Что же касается внешней, то Николай трансформирует стремление Марьиной души к бесконечному, вечному и совершенному в заботы о расширении своих владений. Нет, не надо думать, что это какое-нибудь хищничество. Наша политика никогда таковой не была. Соседние мужики (типа: эстонцы с армянами) сами приходили просить Николая, чтобы он их купил, и долго после его смерти в народе хранилась набожная память об его управлении. "Хозяин был... Наперед мужицкое, а потом свое. Ну и потачки не давал. Одно слово - хозяин!" Этот восторг перед крепким хозяином и поныне готов разделить всякий российский мужик.
Петербург, ноябрь 1877.
Две софии под одной крышей - характернейший факт нашей культуры 19-го века. С одной стороны жесточайший официоз с отточенной формулой министерства народного просвещения: православие, самодержавие, народность. А с другой - не всегда четко отличимые от официоза возвышенные парения выучеников немецкой философии славянофилов, которые, на словах осуждая порочную практику правительственного мордобоя, в сущности оправдывали исконный источник ее - патриархальные архетипы крестьянской общины. Со временем славянофилы - Аксаковы и Данилевские - вообще начнут формулировать мысли, которые официоз по разным деликатным причинам не в состоянии выразить. Марья займется своим привычным делом - отгадыванием того, что имеет в виду хозяин. Ведь без нее Николай почти бессловесен - мычит, что, мол, присяга и долг...

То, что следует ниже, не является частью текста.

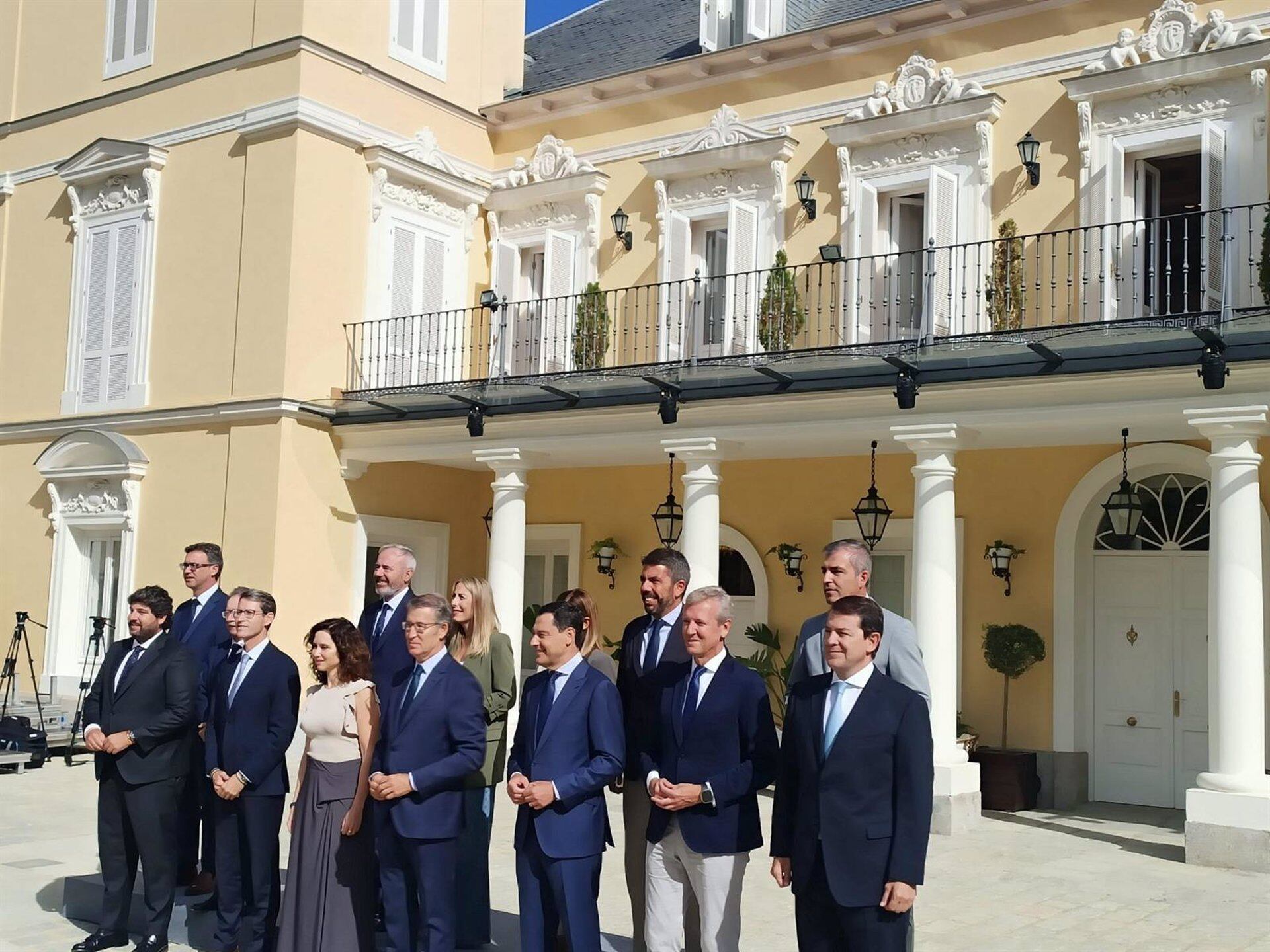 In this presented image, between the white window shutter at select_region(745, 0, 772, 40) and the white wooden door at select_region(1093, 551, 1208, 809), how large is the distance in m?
7.08

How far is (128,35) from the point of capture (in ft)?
56.4

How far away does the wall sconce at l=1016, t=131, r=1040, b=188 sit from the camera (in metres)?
A: 13.1

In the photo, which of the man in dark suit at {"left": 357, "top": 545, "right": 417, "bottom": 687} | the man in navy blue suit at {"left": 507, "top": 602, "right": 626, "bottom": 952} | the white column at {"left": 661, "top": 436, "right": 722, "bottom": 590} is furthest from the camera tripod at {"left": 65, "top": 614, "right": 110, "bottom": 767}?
the man in navy blue suit at {"left": 507, "top": 602, "right": 626, "bottom": 952}

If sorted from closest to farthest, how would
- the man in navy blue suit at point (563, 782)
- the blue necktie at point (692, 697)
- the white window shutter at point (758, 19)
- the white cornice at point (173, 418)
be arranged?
the blue necktie at point (692, 697), the man in navy blue suit at point (563, 782), the white cornice at point (173, 418), the white window shutter at point (758, 19)

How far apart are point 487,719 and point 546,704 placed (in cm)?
108

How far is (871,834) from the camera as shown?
4.59 metres

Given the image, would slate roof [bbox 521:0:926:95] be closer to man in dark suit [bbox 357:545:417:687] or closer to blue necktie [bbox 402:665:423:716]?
man in dark suit [bbox 357:545:417:687]

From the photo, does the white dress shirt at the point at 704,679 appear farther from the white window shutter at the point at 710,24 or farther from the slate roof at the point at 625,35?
the white window shutter at the point at 710,24

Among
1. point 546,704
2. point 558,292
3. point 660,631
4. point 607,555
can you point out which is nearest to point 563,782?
point 546,704

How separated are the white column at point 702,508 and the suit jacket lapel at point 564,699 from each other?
7.36m

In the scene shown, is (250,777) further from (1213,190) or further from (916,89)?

- По-моему, ты совершенно прав. Пьер со своим западническим экстремизмом забывает, что у нас есть другие обязанности ближе, которые сам Бог указал нам, что мы можем рисковать собой, но не детьми.
- Ну вот, вот, это самое я и говорил ему, - подхватил Николай, которому действительно казалось, что он говорил это самое, А они свое: что любовь к ближнему и христианство, и все это при Николеньке...
Еще одна трансформация Марьиных слов. И забавней всего как раз то, что при ребенке нельзя говорить о христианстве. Потому, видимо, что оно несет пугающий код перемен. Из всего христианства Николай понимает лишь то, что всякая власть от Бога. А значит, государственная мудрость должна состоять в том, чтобы как можно точней воспроизводить в поколениях генетический код, конституирующий именно эти, свои, а не какие-то чуждые принципы. На то и присяга, и долг... А если появятся какие-то мутантные образования, какие-то инородные идеи, завезенные из-за границы, наш фагоцит возьмет саблю в руку и пойдет крошить их в капусту во имя присяги и долга, во имя иммунной идеологии, для которой найдет оправдание Марья. Со своей колокольни он прав, ибо маленький Николушка Болконский, разбуженный Пьером, легко может вырасти в Герцена или Бакунина. И придется его тоже ссылать...
Лысые Горы, 6 декабря 1832.
А еще хуже, если такое случится с его собственными детьми, рожденными графиней Марьей. Обидно, ведь он живет только ради потомства, которое должно воплотить его софийные архетипы. Он собирает земли, устраивает наше состояние... Еще десяток годков жизни, и я оставлю детям... Короче: нынешнее поколение советских людей будет жить при коммунизме! Но графиню Марью нисколько не интересуют эти разговоры о белке, вращающей колесо.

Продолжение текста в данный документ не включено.